Cakes & Bubbles is an unhappy woman’s restaurant. I thought it was a child’s restaurant, but I took a child there and he hated it and begged for a Double Decker. It is a patisserie and champagne bar inside the Hotel Café Royal on Regent Street. It sells sugar wound and smashed and spun — that is, it sells traumatised sugar — in front of a picture window featuring people looking for less inedible redemptions. It is, therefore, a place for people to get very slightly wasted after shopping at Liberty.
Last time I went to Liberty I met Jeremy Corbyn’s head of strategic communications James Schneider on the stairs. I always thought Liberty was Tory. Shouldn’t he be in Equality? (Even Corbyn’s Labour party aren’t dishonest enough to dream of Fraternity.) I looked for him in Cakes & Bubbles but he was spinning something else, something fairly close to sugar: fake socialism delivered by fools. The punchline wanders like a boulder over a hill.

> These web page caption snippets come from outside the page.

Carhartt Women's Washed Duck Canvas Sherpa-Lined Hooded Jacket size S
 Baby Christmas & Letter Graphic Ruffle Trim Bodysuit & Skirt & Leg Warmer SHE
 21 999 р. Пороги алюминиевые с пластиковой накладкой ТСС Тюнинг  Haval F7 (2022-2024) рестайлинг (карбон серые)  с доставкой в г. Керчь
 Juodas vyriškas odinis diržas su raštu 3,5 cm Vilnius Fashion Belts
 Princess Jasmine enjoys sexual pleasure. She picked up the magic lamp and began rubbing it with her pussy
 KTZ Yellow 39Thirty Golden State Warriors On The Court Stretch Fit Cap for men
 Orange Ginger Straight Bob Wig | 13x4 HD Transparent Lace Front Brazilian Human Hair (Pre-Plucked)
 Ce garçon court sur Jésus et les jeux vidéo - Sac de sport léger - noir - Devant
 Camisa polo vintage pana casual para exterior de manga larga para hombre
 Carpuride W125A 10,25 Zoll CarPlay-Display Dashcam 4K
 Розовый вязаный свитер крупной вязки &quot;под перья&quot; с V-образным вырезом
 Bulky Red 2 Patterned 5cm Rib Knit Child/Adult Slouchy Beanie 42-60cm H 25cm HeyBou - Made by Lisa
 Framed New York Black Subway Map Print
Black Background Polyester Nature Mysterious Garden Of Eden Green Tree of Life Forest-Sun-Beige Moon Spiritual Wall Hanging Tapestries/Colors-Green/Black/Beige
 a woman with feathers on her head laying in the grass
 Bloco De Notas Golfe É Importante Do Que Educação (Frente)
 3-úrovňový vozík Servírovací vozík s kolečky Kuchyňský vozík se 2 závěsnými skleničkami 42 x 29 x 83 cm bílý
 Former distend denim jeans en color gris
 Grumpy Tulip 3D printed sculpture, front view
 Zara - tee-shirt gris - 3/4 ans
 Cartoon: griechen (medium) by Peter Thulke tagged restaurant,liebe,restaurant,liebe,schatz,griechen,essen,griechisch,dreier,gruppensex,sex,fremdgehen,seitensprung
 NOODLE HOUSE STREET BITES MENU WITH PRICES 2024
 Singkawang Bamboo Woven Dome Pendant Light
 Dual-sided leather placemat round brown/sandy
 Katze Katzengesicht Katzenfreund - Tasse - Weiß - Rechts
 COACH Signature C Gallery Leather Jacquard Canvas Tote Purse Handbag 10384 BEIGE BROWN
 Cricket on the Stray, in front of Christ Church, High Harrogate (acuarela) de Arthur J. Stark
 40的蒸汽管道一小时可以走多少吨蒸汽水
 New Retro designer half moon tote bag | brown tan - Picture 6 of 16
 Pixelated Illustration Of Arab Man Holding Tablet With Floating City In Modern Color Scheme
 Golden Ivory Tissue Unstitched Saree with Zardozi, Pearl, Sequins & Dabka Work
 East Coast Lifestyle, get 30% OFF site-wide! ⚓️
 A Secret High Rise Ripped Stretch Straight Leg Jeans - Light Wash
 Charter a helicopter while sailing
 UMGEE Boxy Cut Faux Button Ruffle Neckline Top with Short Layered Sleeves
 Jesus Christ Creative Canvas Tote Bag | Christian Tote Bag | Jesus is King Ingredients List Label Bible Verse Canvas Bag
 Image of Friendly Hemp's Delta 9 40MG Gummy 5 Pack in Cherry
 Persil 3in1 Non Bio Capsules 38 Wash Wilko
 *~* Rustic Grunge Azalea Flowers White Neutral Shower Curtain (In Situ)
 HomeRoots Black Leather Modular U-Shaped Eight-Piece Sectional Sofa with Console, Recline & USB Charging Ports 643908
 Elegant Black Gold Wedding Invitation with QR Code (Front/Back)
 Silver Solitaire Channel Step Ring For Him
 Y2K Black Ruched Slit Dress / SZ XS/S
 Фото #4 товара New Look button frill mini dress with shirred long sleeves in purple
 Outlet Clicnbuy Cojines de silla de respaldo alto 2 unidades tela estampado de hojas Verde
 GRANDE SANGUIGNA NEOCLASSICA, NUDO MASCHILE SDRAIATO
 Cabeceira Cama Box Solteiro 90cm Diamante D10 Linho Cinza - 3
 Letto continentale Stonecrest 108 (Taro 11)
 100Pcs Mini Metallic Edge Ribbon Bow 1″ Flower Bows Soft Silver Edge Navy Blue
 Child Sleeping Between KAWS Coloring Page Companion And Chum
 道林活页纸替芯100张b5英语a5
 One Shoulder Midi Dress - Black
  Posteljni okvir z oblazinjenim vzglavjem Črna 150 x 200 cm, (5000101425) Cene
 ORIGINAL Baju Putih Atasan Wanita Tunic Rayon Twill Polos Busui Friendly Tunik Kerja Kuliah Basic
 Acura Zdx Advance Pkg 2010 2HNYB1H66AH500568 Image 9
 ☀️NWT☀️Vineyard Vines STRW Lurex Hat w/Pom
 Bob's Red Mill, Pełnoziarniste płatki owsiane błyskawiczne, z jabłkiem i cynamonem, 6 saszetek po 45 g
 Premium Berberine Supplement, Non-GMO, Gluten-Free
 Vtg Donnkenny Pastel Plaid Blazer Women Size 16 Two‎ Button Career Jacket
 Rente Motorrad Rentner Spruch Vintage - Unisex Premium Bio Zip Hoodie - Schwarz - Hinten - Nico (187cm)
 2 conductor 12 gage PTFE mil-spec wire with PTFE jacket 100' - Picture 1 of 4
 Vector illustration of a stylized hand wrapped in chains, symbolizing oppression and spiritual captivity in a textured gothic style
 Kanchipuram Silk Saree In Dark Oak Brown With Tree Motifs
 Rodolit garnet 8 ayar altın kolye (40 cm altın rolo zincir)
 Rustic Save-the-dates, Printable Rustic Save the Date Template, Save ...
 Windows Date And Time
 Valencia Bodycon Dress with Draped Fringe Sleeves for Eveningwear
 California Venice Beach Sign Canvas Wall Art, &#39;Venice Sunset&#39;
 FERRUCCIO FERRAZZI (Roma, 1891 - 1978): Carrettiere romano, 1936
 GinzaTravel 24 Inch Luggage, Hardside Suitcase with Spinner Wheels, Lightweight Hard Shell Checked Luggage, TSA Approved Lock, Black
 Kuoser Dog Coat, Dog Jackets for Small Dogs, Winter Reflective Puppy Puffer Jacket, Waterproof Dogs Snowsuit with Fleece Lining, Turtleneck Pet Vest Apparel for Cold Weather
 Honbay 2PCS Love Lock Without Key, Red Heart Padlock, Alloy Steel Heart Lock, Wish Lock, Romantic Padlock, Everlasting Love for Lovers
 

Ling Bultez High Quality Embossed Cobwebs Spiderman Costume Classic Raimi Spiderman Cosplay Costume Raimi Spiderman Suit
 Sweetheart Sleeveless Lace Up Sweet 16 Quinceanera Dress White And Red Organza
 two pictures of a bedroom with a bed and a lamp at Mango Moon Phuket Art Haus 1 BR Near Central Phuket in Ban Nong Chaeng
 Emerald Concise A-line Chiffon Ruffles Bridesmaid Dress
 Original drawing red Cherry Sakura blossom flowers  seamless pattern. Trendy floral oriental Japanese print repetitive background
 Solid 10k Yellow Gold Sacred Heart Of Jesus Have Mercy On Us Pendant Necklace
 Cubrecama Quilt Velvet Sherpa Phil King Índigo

Before it became a hotel in 2012, the Café Royal was a famous, flouncy restaurant that sold the imperial dream. It was another Brexit restaurant. A jumble of people came here — Aleister Crowley, Virginia Woolf, Diana, Princess of Wales — who had nothing in common except they ate at the Café Royal Grill Room.
The Café Royal is now a hushed, dim, modernist grand hotel with suites that overlook Piccadilly Circus, and the heart of Capital. It is a polished nowhere which smells of expensive candles. That is the very scent of modern wealth: Diptyque.
They took my credit card details in advance — a testament only to the whimsy of rich people, and Cakes & Bubbles is all whimsy, so I forgive it — and we sat in a golden room with chairs of red, like strawberries, and a champagne trolley: alcoholism on wheels. Here, what is done to women of this class is done to sugar. It is prettified and digested.
We drink rich hot chocolate and it is wildly metaphorical — it is too rich — and eat the classic cheesecake for £9. It is American-style cheesecake, and as delicious in taste, but it has no heft. Perhaps it does not need it, for the bell boys do the work? The ‘crispy’ almond and raspberry éclair is very pretty at £8 for two ‘units’ (I would call them ‘pieces’ but I like to sub menus). They are indeed crispy, and they evoke New York City so painfully that it only makes me miss New York City. That is the worry with pastiche. It makes you long for the reality and yearn, only, to be in New York City. The Stroop-waffle ice-cream sandwich was named to please Charlie Bucket in his Wonka World, but he could not afford it at £8, and it falls away to nothing. It’s fake supermarket ice cream with fake supermarket waffles, and that it is inferior to the original might please the theoretical shoppers at Equality. The star is the Golden Egg flan at £5 — a hen’s egg, painted gold, or a very posh Cadbury’s Creme Egg.
I wonder if cuisine is following politics, for I am not vain enough to think it leads it. There are specialist steak restaurants and lasagne restaurants and chip restaurants and cake restaurants, which I would struggle to call populist. Even so, the centre, which is Pizza Express, is not holding.
I wonder if there are enough unhappy women in the rich tourist class to sustain Cakes & Bubbles and I decide there must be — if their hubbywubs [‘husbands’] aren’t putting them on the scales each night in case they get chubbywubs [‘fat’]. But how would I know, being in a bubble?